Fig. 6 shows a simulated complex RF environment, created by placing a number of tags within read range of a reader. After only 30 seconds of monitoring the frequency-hopping output of the reader, a lot of information can be seen.

Red signals are always present. In this case, that means the noise floor and several interfering signals towards the bottom of the display. Green signals (mostly bursty interference in this example) are present perhaps 50 per cent of the time, and blue signals are infrequent, as indicated by the signal density scale in the lower right corner.

The blue signals are mostly RFID signals for communications between a reader and the set of tags. In this case, the modulation type is amplitude-shift keying, and the higher narrow blue pulses are 1’s and the lower narrow blue pulses are 0’s. DPX provides visibility of signals that would not be seen on a conventional swept analyser.

In this screen capture, the reader was successful on frequencies without much interference. This is shown first, by seeing that the mostly blue RFID pulses only occur on clear frequencies. Second, by looking at the other colours on the mostly blue RFID pulses, the extended dwell time of a successful RFID transaction can be spotted. It’s realistic to conclude that successful polling occurs at frequencies where no interfering signal is present and the signal-to-noise ratio is greater. This clearly shows that the chances of a successful tag read increase in an environment with minimal interference.

When doing frequency planning to restrict each reader to a certain channel (or channels), DPX can be used to ensure that the modulation sidebands are not at such a level that would cause interference in those channels being used by co-located readers. Note that the reader and tag signals in the centre of Fig. 6 have wide spectral spreading and are dwelling for a longer period of time than in other channels.

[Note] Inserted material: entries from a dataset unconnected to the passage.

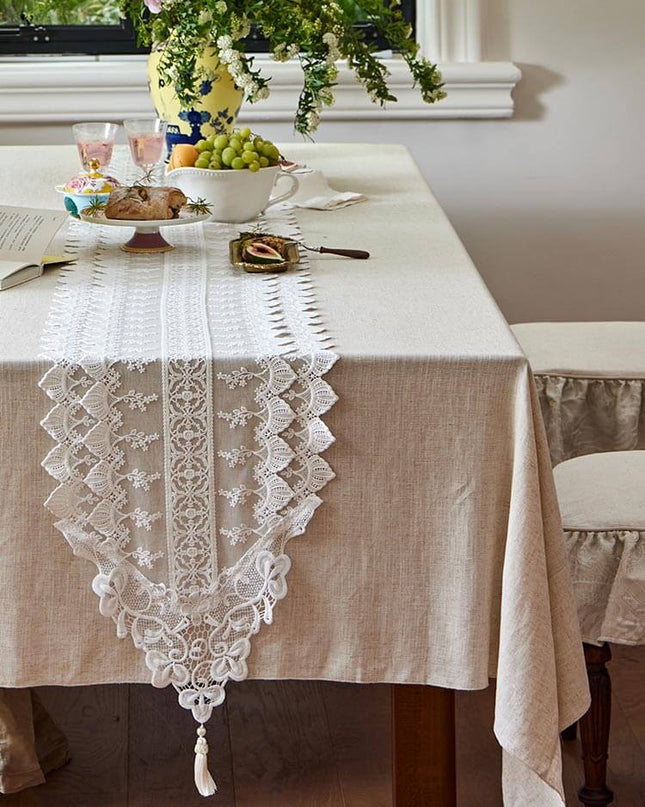 White Flower Table Runner
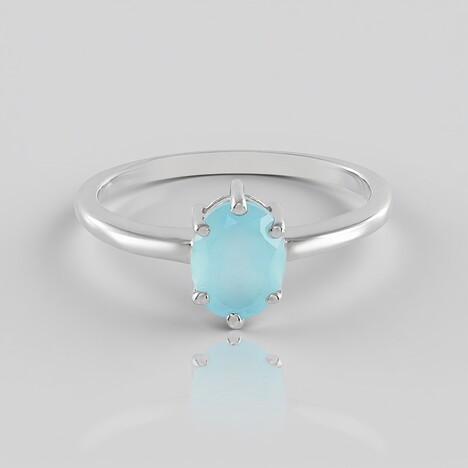 Anello in argento con Calcedonio Acqua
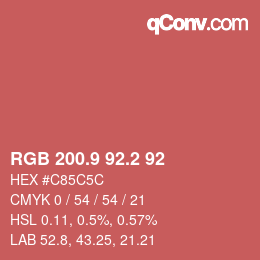 カラーコード: RGB 200.9 92.2 92 | qconv.com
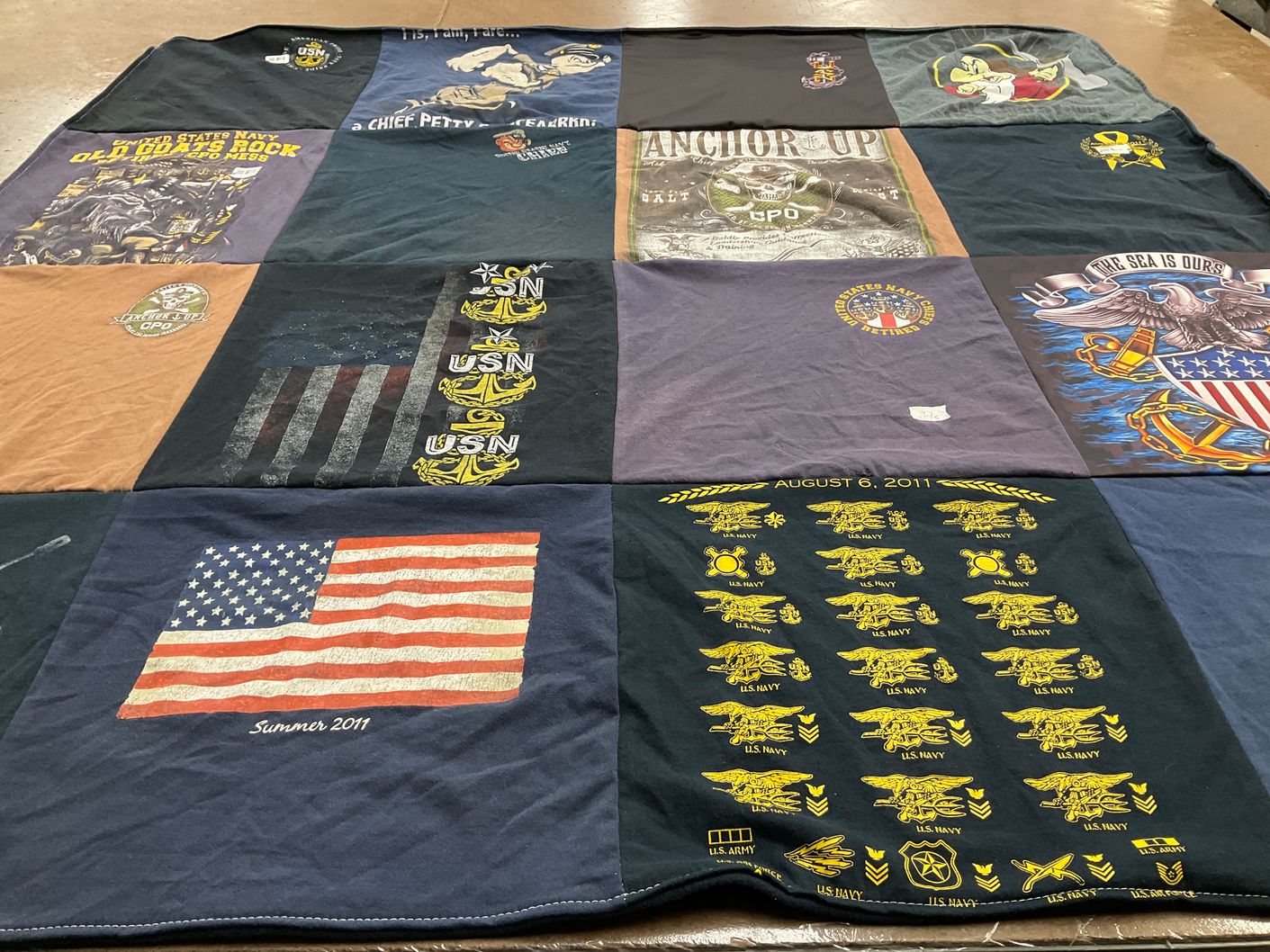 T-shirt quilt with military, navy themes by RICHARD from TX
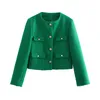 Ternos femininos Blazers YENKYE Feminino 2021 Moda Verde Tweed Crop Blazer Casaco Vintage Bolsos Manga Comprida Outono Inverno Outerwear Solteiro Br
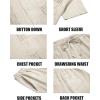 COOFANDY Men Linen Sets Outfits 2 Piece Short Sleeve Cuban Shirts Guayabera Linen Suit(Light Khaki)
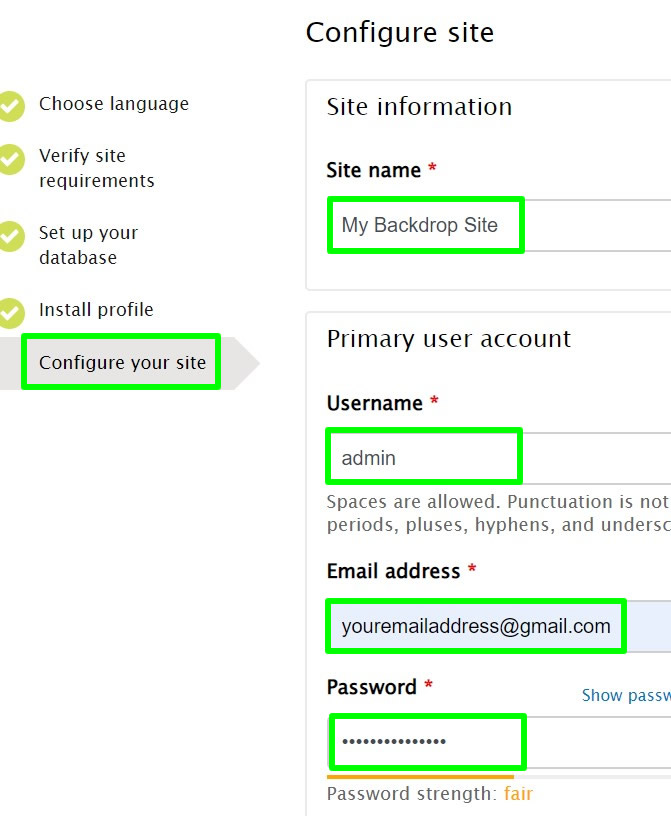 backdrop configure your site localhost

The brighter signal skirts indicate a higher signal density and thus a longer dwell time. This could be a source of read failures in the adjacent channels, and action should be taken to ensure that filtering in the readers is sufficient to have immunity to this interference.

To sum up
RFID signals, by their nature, may be subject to complex, and even harsh, RF environments. In addition, the pulsed nature of RFID signals makes analysis difficult with conventional spectrum analysers. AWGs and RTSAs make effective simulation and analysis of multiple-reader, dense-mode environments and common interference signals practical. This technique can be used to ensure reliable RFID communications and throughput in harsh conditions.